De novo protein design requires designing a primary structure that leads to the desired tertiary level of structure. Understanding how primary structure leads to secondary and tertiary structure begins by deconstructing existing proteins. The first step is to decode the primary structure through protein sequencing.
Short peptides of no more than about 50 amino acids can be sequenced using a technique called the Edman degradation. Longer polypeptides can be sequenced through mass spectrometry; John Bennett Fenn won the 2002 Nobel Prize in chemistry for developing a good method using this technique. Amino acid sequence can also be predicted, rather than determined empirically, by sequencing and decoding the DNA or RNA that encodes it in the genome.

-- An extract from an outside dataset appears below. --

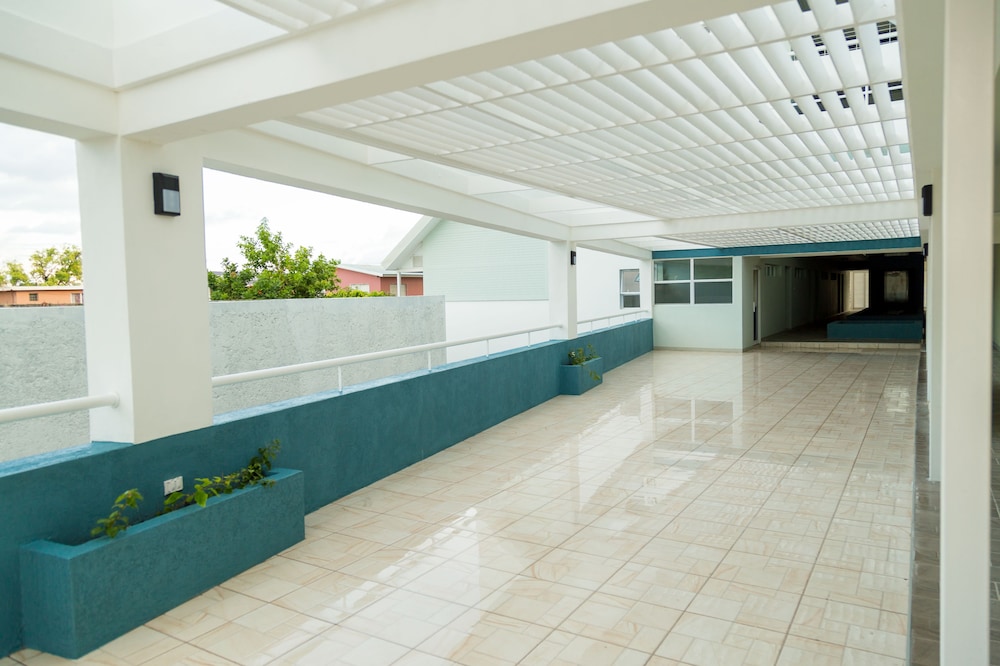 Executive Suites At The Bromptons 4/32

A real protein molecule may contain thousands of amino acids, all of which interact to result in three or four levels of structure. Real proteins are so complex that they cannot be modeled "as-is," atom by atom, with current computing technology (though DNA computers may one day make this more feasible). Instead, they are simplified in two ways. First, instead of representing every atom, the simulation represents each amino acid as a whole, like a bead with specific properties. Second, the beads are modeled in a rigid cubical lattice, from which comes the name of these representations: lattice proteins.
About a decade ago, this technology allowed de novo protein design to become a reality. "De novo" is a Latin phrase literally meaning "from the new," and de novo protein design is the engineering of proteins from scratch. The first de novo designed proteins were reported near the end of the 20th century (for example, Dahiyat & Mayo 1997).